Project Page | Paper | Annotations

This repo provides the code for our paper "Understanding and Evaluating Racial Biases in Image Captioning."

Citation

@inproceedings{zhao2021captionbias,
   author = {Dora Zhao and Angelina Wang and Olga Russakovsky},
   title = {Understanding and Evaluating Racial Biases in Image Captioning},
   booktitle = {International Conference on Computer Vision (ICCV)},
   year = {2021}
}

Requirements

python = 3.8.2
numpy = 1.18.5
pandas = 1.1.3
spacy = 2.3.5
spacy_universal_sentence_encoder = 0.3.4
pycocotools = 2.0.2
scikit-learn = 0.23.2
scipy = 1.4.1
vadersentiment = 3.3.2

Data annotations

To run the analyses, place the downloaded annotations in the folder annotations as well as the annotations provided with the COCO 2014 dataset.

Models

We use six different image captioning models in our paper. The models are adapted from the following Github repositories and are trained using the respective protocols detailed in their papers. In our work, we train each model on the COCO 2014 training set and evaluate on the COCO 2014 validation set.
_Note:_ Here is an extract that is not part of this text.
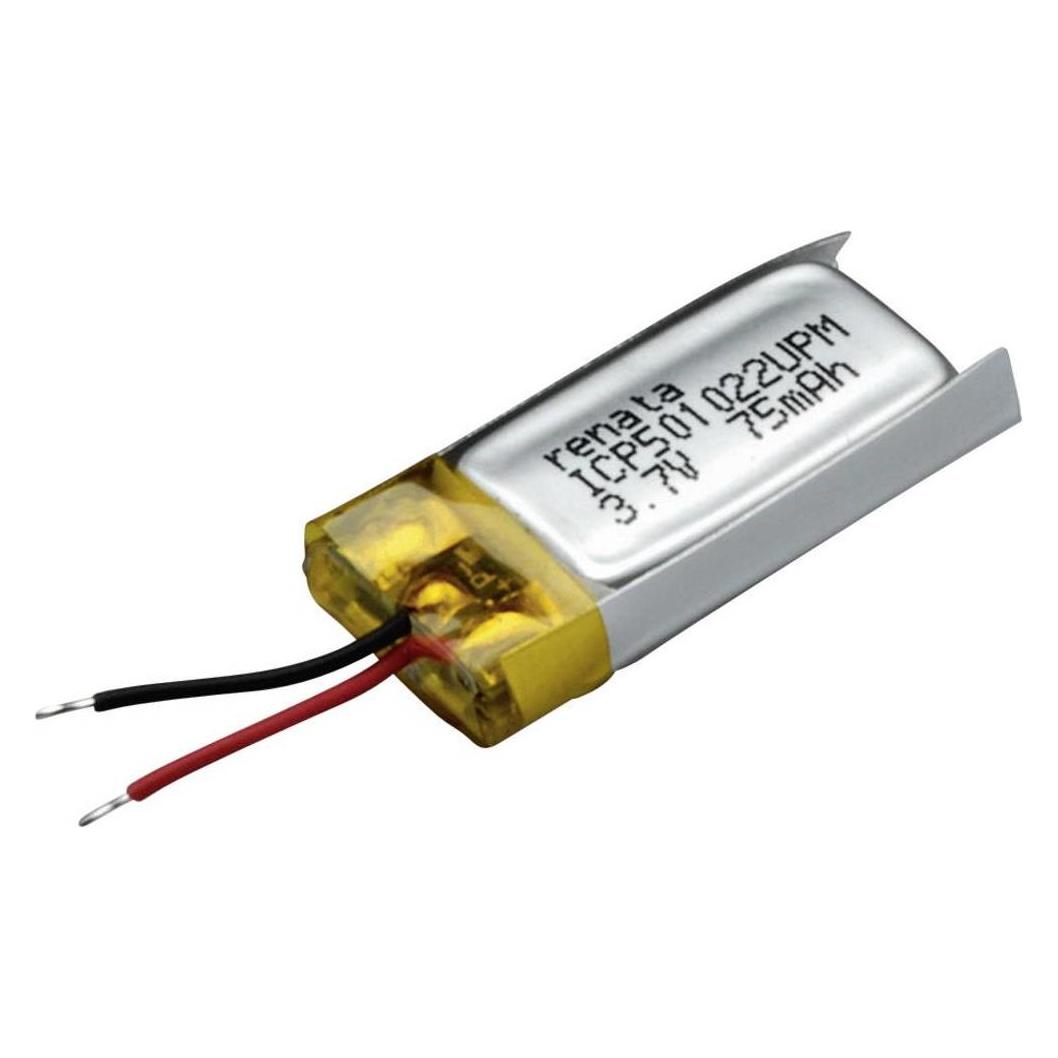 Renata Spezial-Akku Prismatisch Kabel (80 mAh, 3.70 V) (100640)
FC, Att2In, Transformer: These models are adapted from Ruotian Luo's ImageCaptioning.pytorch.
DiscCap: This model is adapted from Ruotian Luo's DiscCaptioning.
AoA Net: This model is adapted from Lun Huang's AoANet.
Oscar: This model is adapted from Microsoft's Oscar.

Place the model results in the results folder.

Analyses

All analysis files are found in the code folder.

find_descriptors: Gets occurrences of descriptors
image_appearance.py: Analyze the simple image statistics of ground-truth COCO images.
sentiment_analysis.py: Analyze the sentiment in ground-truth and generated captions using VADER.
caption_content.py: Analyze the differentiability of ground-truth and generated captions.

To evaluate captions, you will need to follow the setup protocol here for pycocoevalcap. Our evaluation code can be found in evaluate_captions.py.